##### DATA EXCERPTS

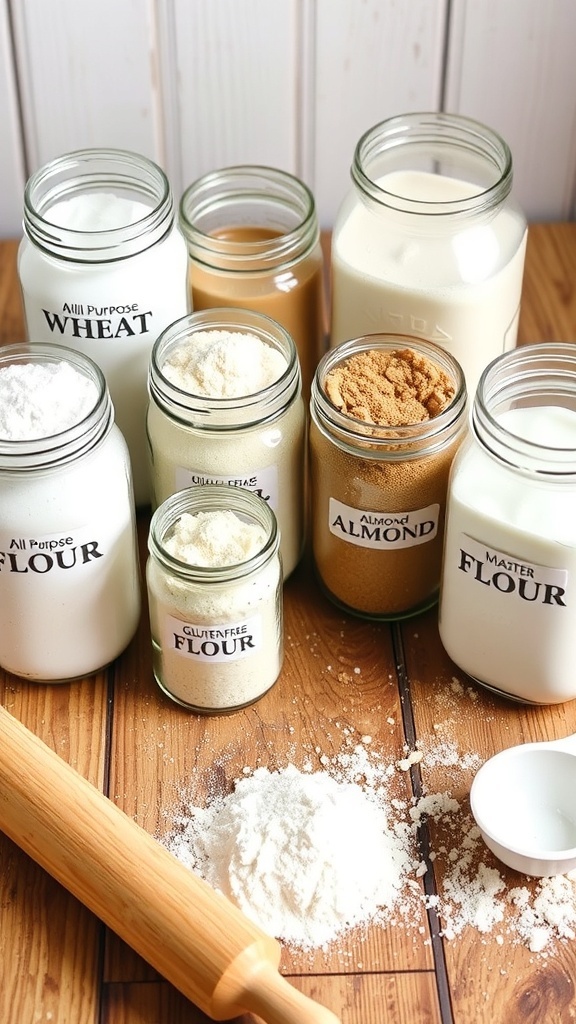 Different types of flour in jars on a wooden table with baking tools.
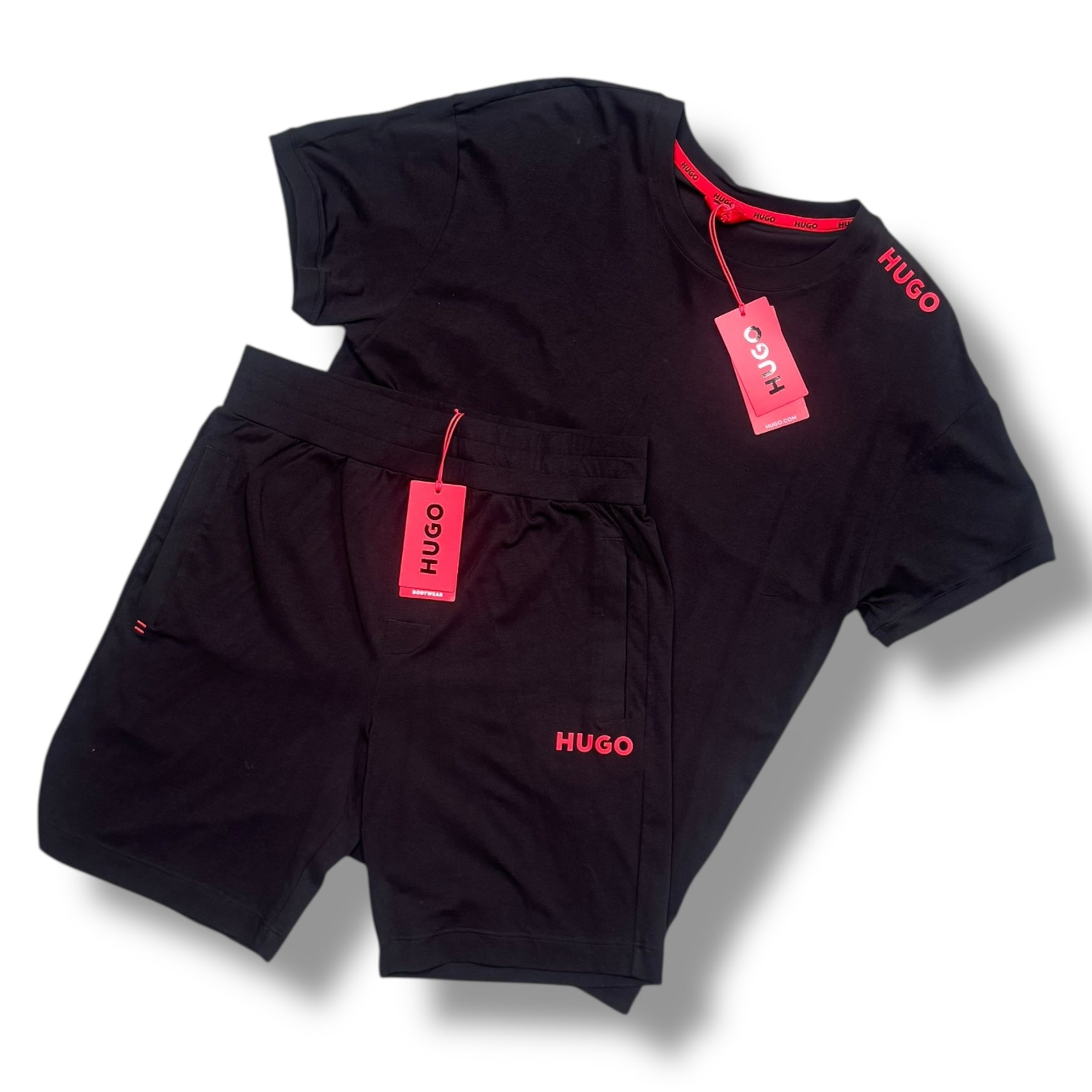 HUGO BOSS HUGO RED LOGO T-SHIRT & JERSEY SHORTS BLACK *SALE*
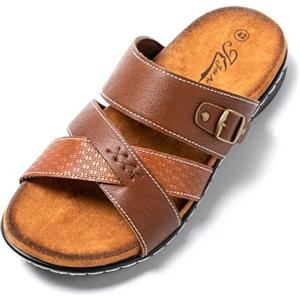 JOMIX Ciabatte Estive da Uomo in Pelle Suola Antiscivolo Traspirante e Confortevole per la Spiaggia e l'aria Aperta SU8716-8 (Marrone,40)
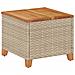 Tavolo Da Giardino Beige 45x45x37 Cm Polyrattan E Legno Acacia - Foto miniatura 2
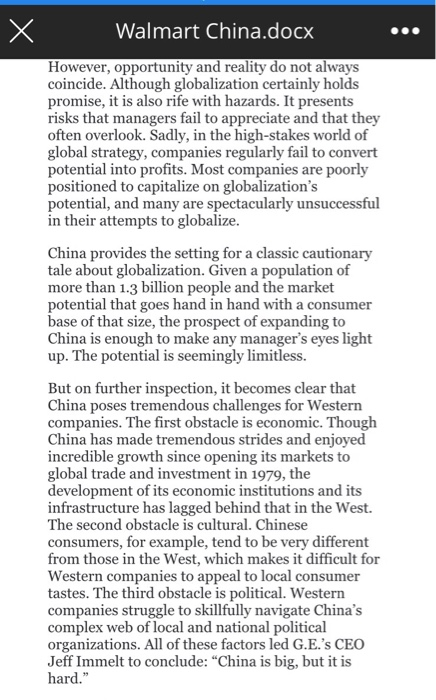 identify the challenges Walmart need to overcome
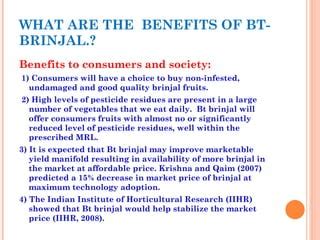 Bt brinjal good technology product | PPT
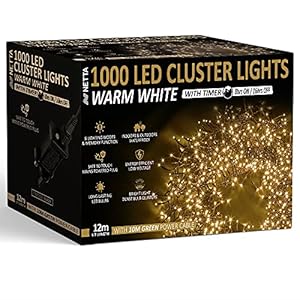 Christmas Tree Lights Cluster Lights 1000 LED – 8 Hours On Timer, 8 Light Modes, Plug in, Waterproof Indoor & Outdoor…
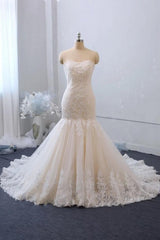 Wedding Dresses Near Me, Classy Long Mermaid Sweetheart Backless Appliques Lace Tulle Wedding Dress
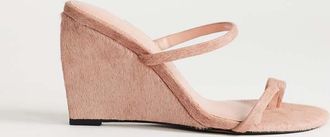 Topshop Abi - Scarpe con zeppa e fascette rosa in vera pelle effetto cavallino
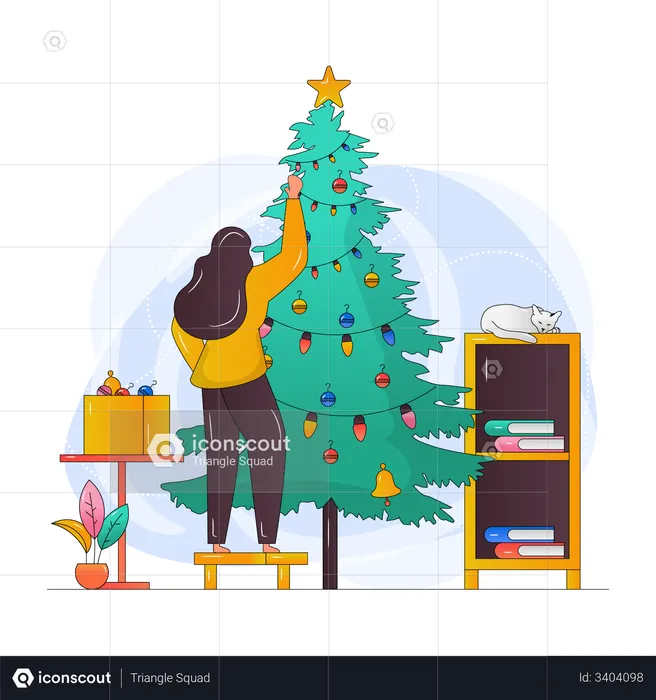 Girl Decorating Christmas Tree  Illustration
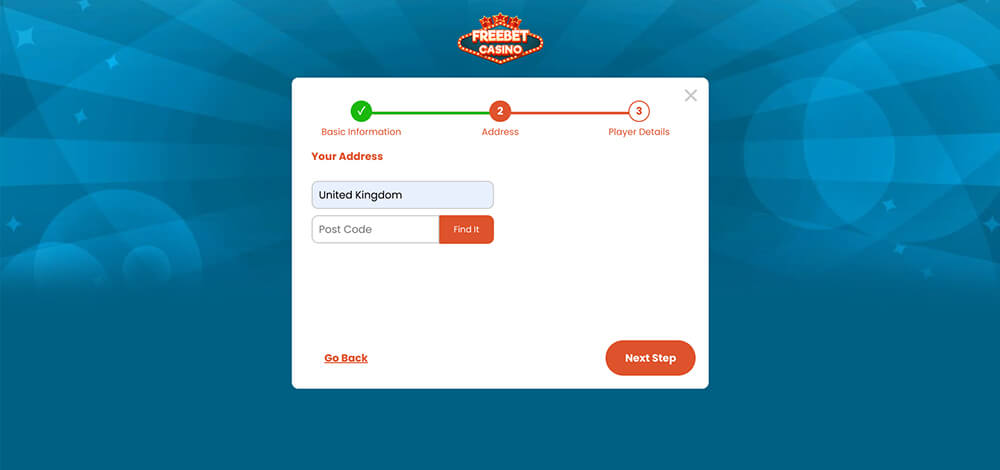 FreeBet Casino Registration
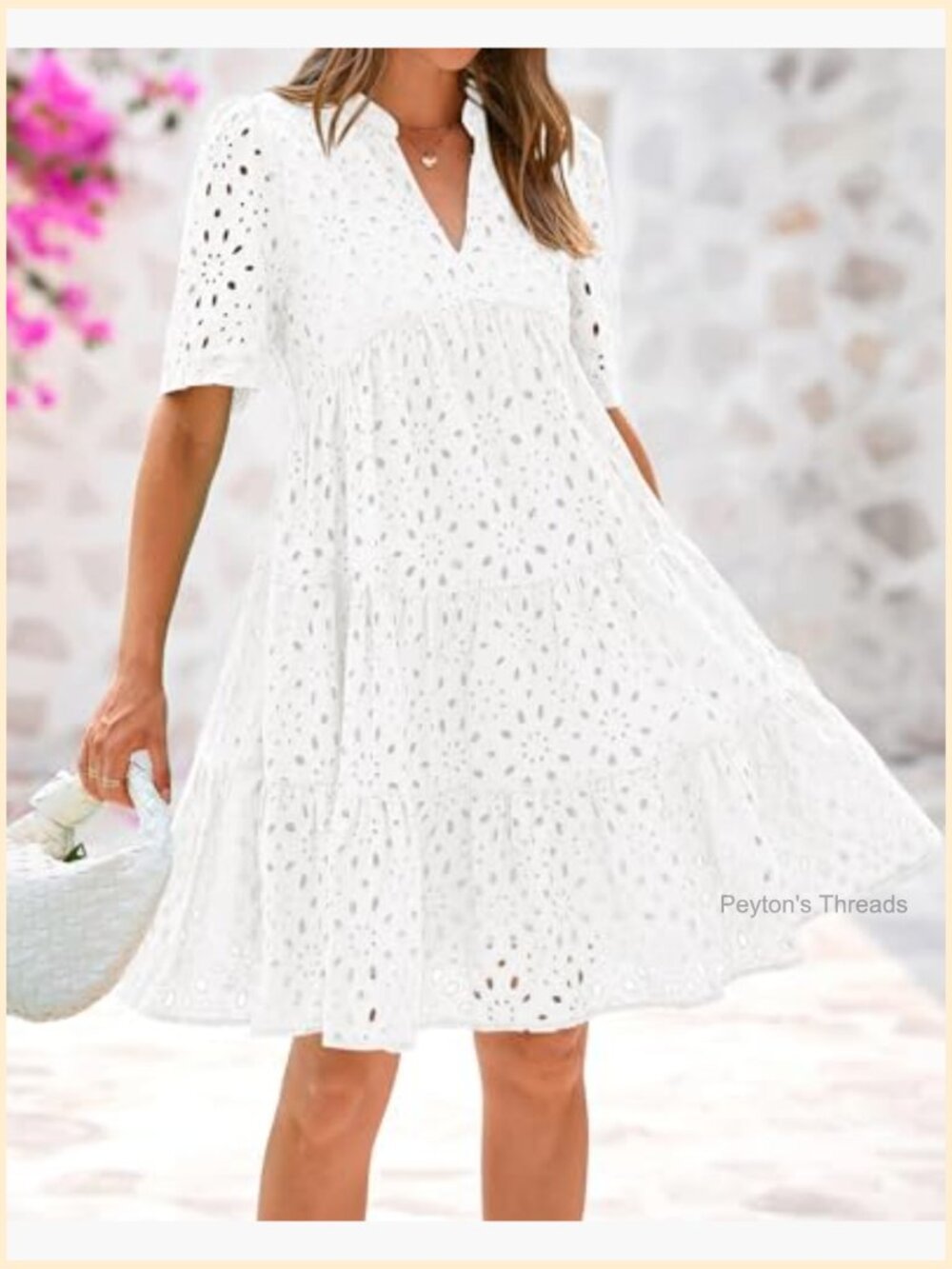 Boho V-Neck Short Sleeve Lace Ruffle Mini Dress Beach Casual Summer - Picture 5 of 7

##########

• _TO DO_
Print the records exactly, every one. Leave out the pictures.

• _ANSWER SECTION_
 Different types of flour in jars on a wooden table with baking tools.
 HUGO BOSS HUGO RED LOGO T-SHIRT & JERSEY SHORTS BLACK *SALE*
 JOMIX Ciabatte Estive da Uomo in Pelle Suola Antiscivolo Traspirante e Confortevole per la Spiaggia e l'aria Aperta SU8716-8 (Marrone,40)
 Tavolo Da Giardino Beige 45x45x37 Cm Polyrattan E Legno Acacia - Foto miniatura 2
 identify the challenges Walmart need to overcome
 Bt brinjal good technology product | PPT
 Christmas Tree Lights Cluster Lights 1000 LED – 8 Hours On Timer, 8 Light Modes, Plug in, Waterproof Indoor & Outdoor…
 Wedding Dresses Near Me, Classy Long Mermaid Sweetheart Backless Appliques Lace Tulle Wedding Dress
 Topshop Abi - Scarpe con zeppa e fascette rosa in vera pelle effetto cavallino
 Girl Decorating Christmas Tree  Illustration
 FreeBet Casino Registration
 Boho V-Neck Short Sleeve Lace Ruffle Mini Dress Beach Casual Summer - Picture 5 of 7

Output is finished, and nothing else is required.